On distribution front, too, we had some stores that were under-performing, so we decided to shut those and concentrate on the franchisee stores that were performing well. Rather than just expanding, we have focused on solid foundations.

Puma has surpassed Adidas in terms of revenue in India. Are you looking to counter this?

We have a strategy that supports different channels to improve experience with customers - whether franchisee or multi-brand stores. In footwear, we are far superior than our competitors. We will continue to improve our market share in the premium range. We have still not come out with figures for this year. The figures can be inflated due to year-end sales, which have been equally good for us. It's important that one does not compare apples with oranges.

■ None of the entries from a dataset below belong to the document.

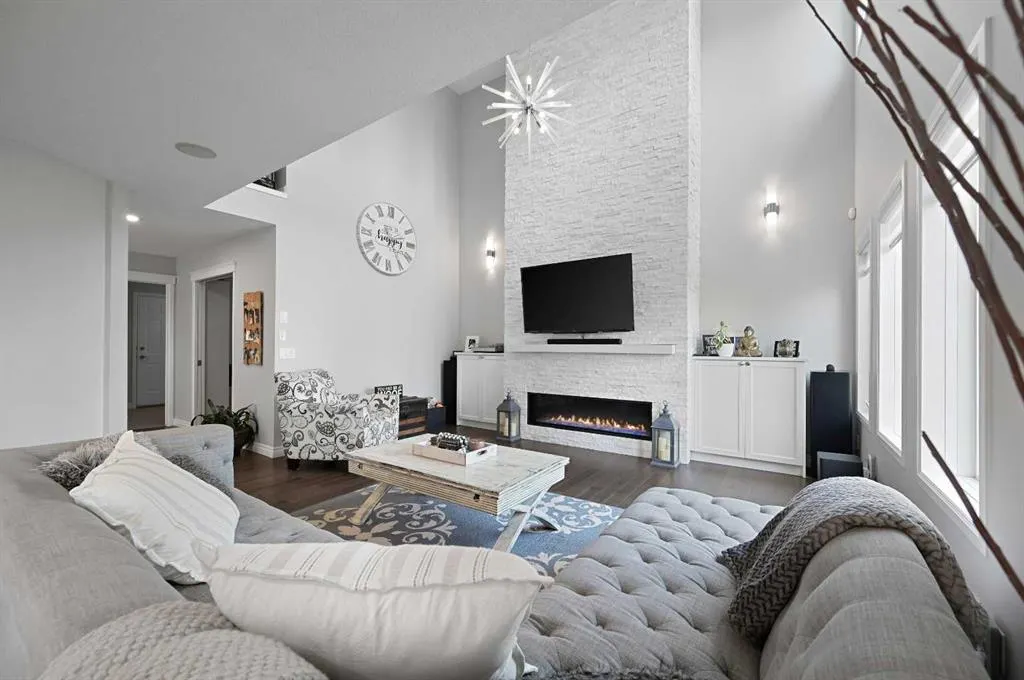 95 Panorama Hills View NW
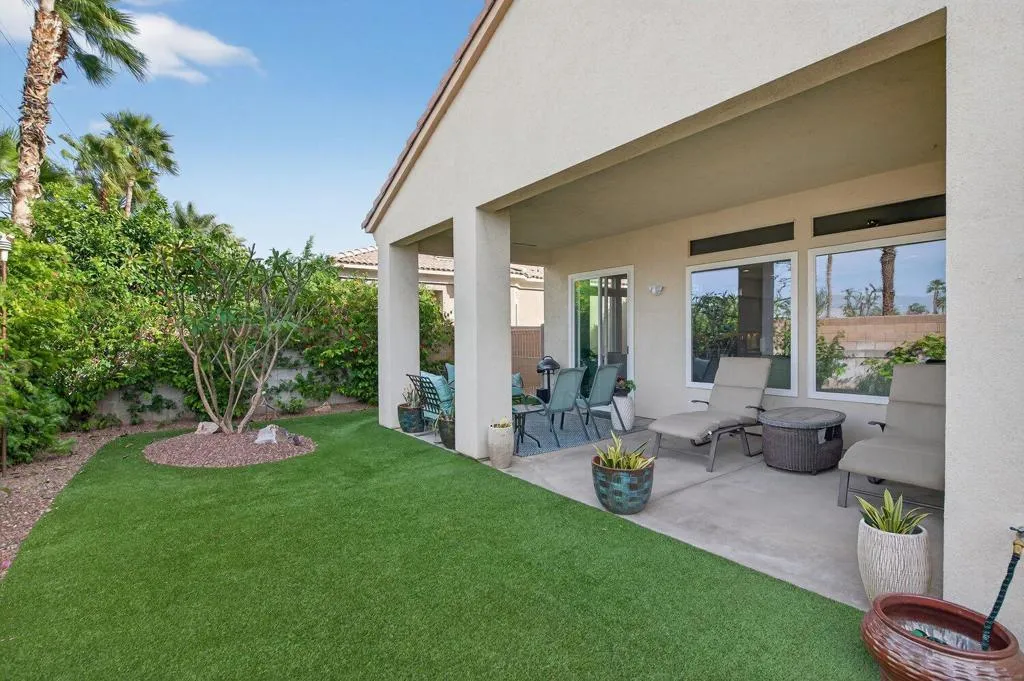 44018 Royal Troon Drive, Indio, California 92201 home-pic-26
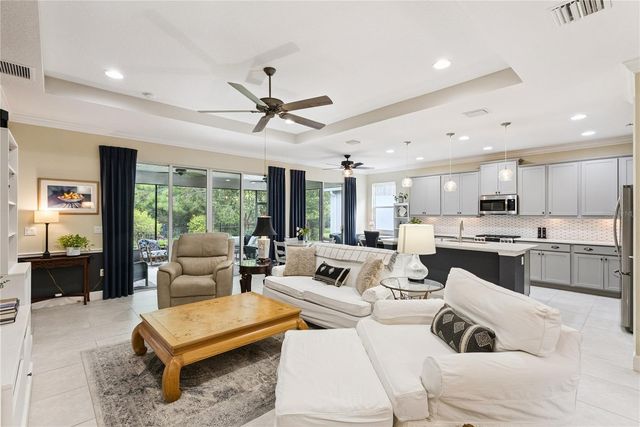 1169 AVERY MEADOWS WAY, Deland, FL 32724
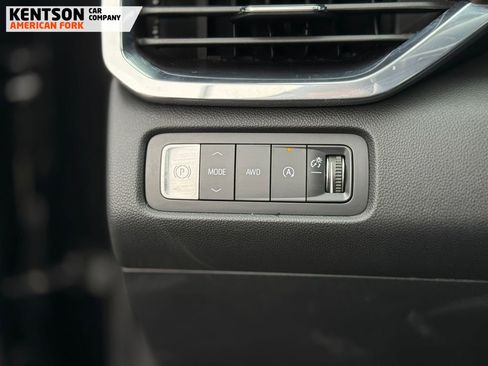 Used 2024 GMC Acadia Denali w/ Super Cruise Package image 22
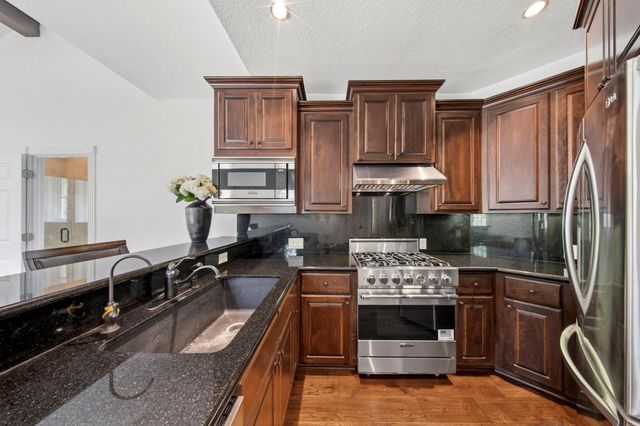 728 Crestbend Drive, Houston, TX 77042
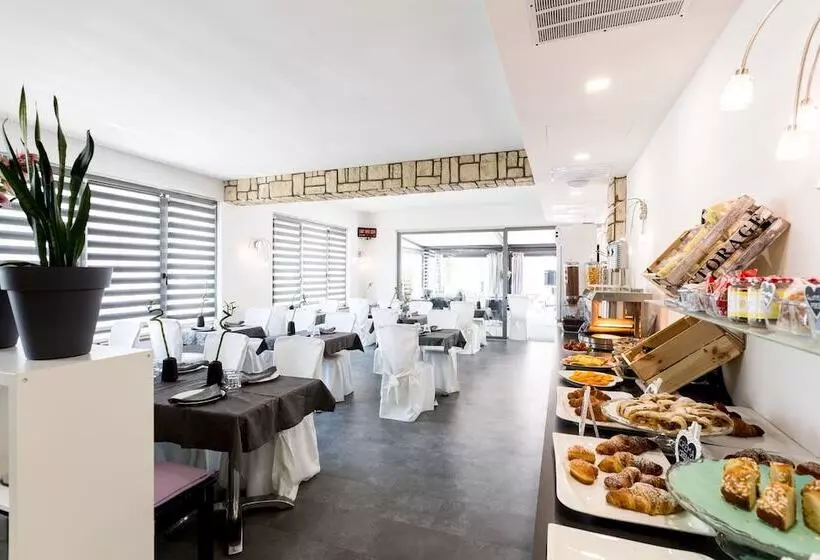 בית מלון כפרי Canarino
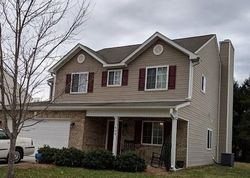 Pre-foreclosure in  HAWTHORN RIDGE DR Whitsett, NC 27377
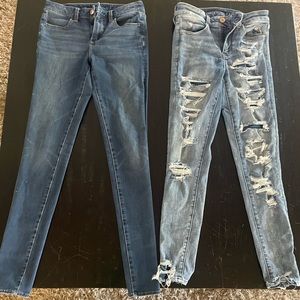Two pair LOT of American eagle size 4 skinny jeans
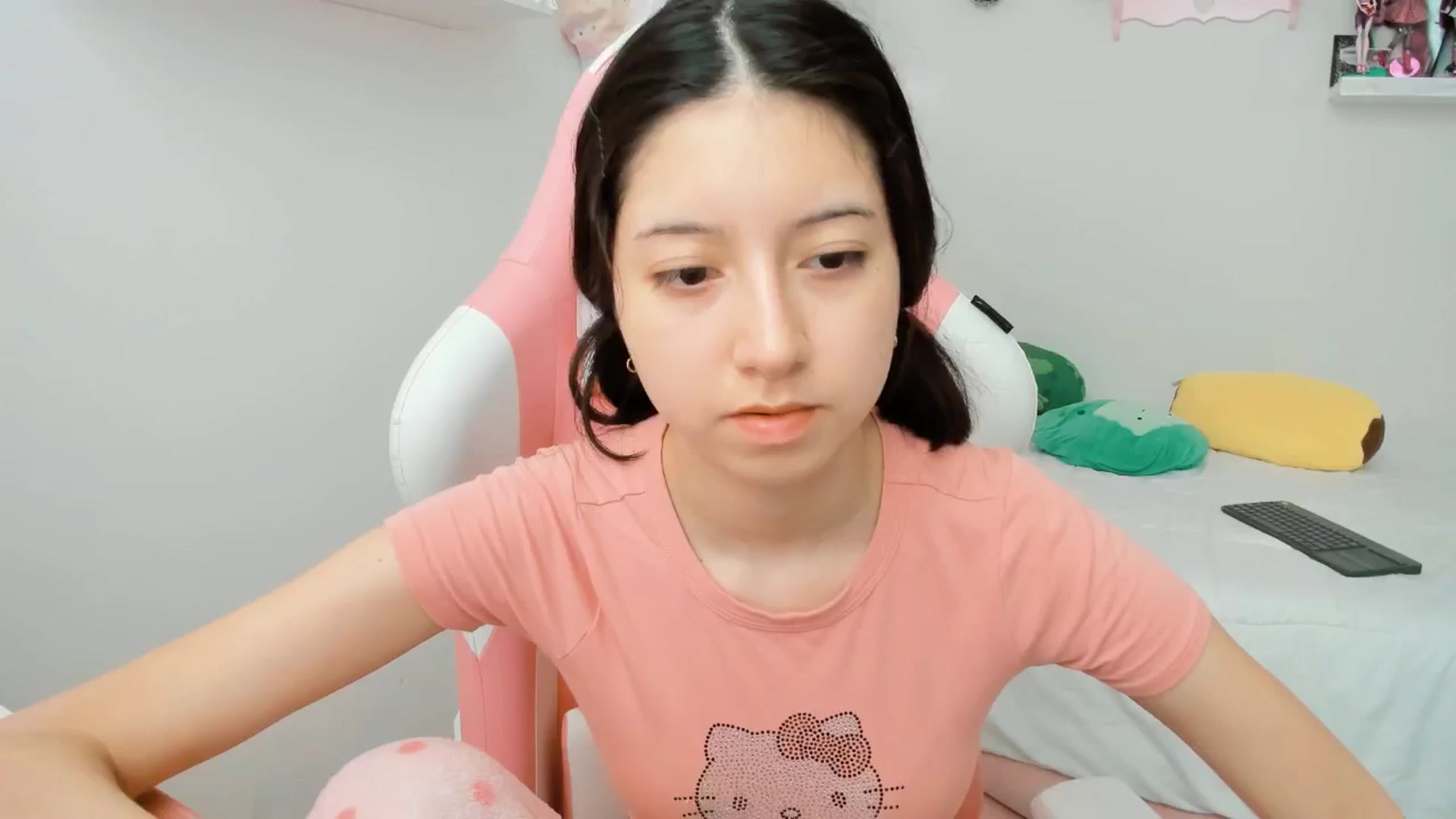 Gallery image thumbnail from Cherrycute666's myfreecams stream on, 01/23/2025, 23:09 image 4 of 20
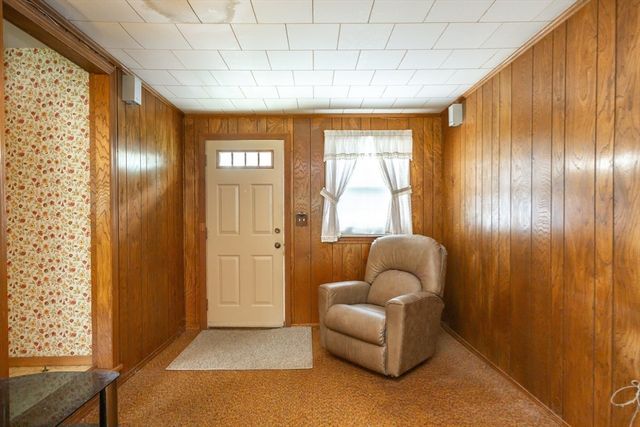 244 Connecticut Ave, Somerset, MA 02726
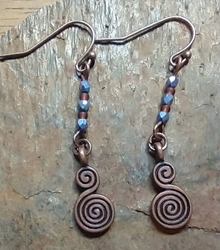 Copper with Bi-directional Spirals, Shiny Blue Faceted Stones and "Root Beer" Seed Bead Earrings   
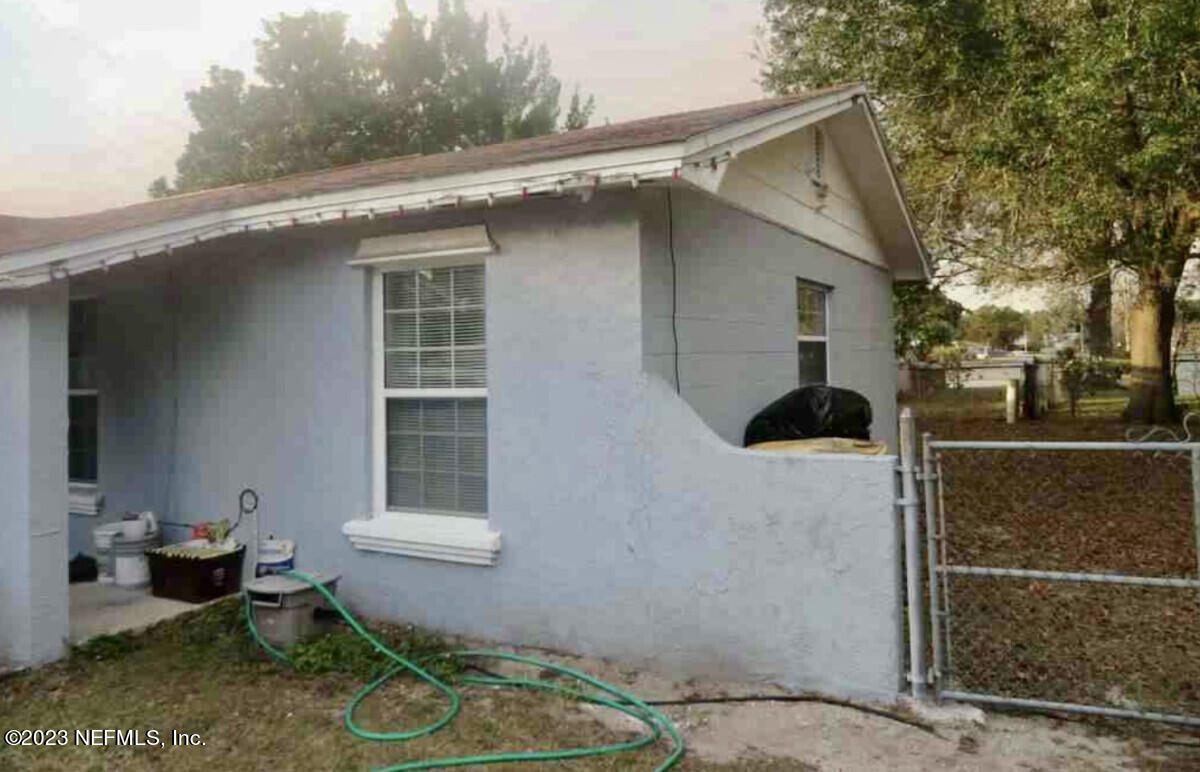 8345 Chessman Court Jacksonville, FL 32244 - Photo 2 of 6 a backyard of a house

How do you plan to leverage the tie-up with Manchester United?

It's working fabulously for us. We had such partnerships with other teams and now have the real jewel. No doubt, Manchester United is the most popular football club in India and we have seen shirts flying away from our shelves, surpassing our expectations. We will smash our competitors' numbers.

Do you gradually plan to come out of the franchisee model?

We believe in a model that will have both franchisee and fully-owned stores. It does not mean we intend to come out of the franchisee model. In fact, we will expand that from 750 to 1,000.

Where our fully-owned stores will help is in terms of bigger stores. Currently, the average sizes of our stores are 1,000 sq ft and our partners are hesitant to expand due to profit implications. Fully-owned stores will allow us to open 5,000 sq ft stores in India. I also believe if we open our original stores, we can expand further.

Considering you are quite optimistic about getting permission from the government, what is the plan of expanding fully-owned stores?

We will start with a couple of stores next year, and then, expand gradually. But, before that, we want to ensure we have the expertise and human resources ready. Finding space for a 5,000 sq ft store is not easy in India and that's a challenge. We want to ensure that we open at the right places, rather than expanding without a plan.

One of the primary norms for FDI proposals is fulfilling the 30 per cent local sourcing norms. Will that be an issue for you?

That has never been an issue for us. Over 80 per cent of our products are made in India and we intend to gradually increase that. We have a network of 21 factories in India that manufacture our products.

Increasing the proportion of Made in India products is also a benefit for us, as it would help cut logistic costs. Globally designed and locally sourced is a great combination.

Do you plan to make India a manufacturing hub, with Narendra Modi's 'Make in India' thrust?

We have a factory in Chennai for export to Dubai, Singapore and Australia. I think, there is a great opportunity to increase that number. We continue to evaluate our portfolio about where we make our products and India is front down the list. The Make in India story is good for us.

What is your plan on the omni-channel front?

Our strategy is to work with partners that represent our brand in a proper manner. In e-commerce, there is a big discounts battle going on, which leads to brands shying away. We want to have full control over our inventory and, hence, we are selective about what and how much is given to e-commerce portals.

We have our omni-plan very much in place, with 25 stores having a tablet facility through which customers can order online. We will expand that to 1,000 by next year. Saying this, the e-commerce sites are complementary and we will leverage that option.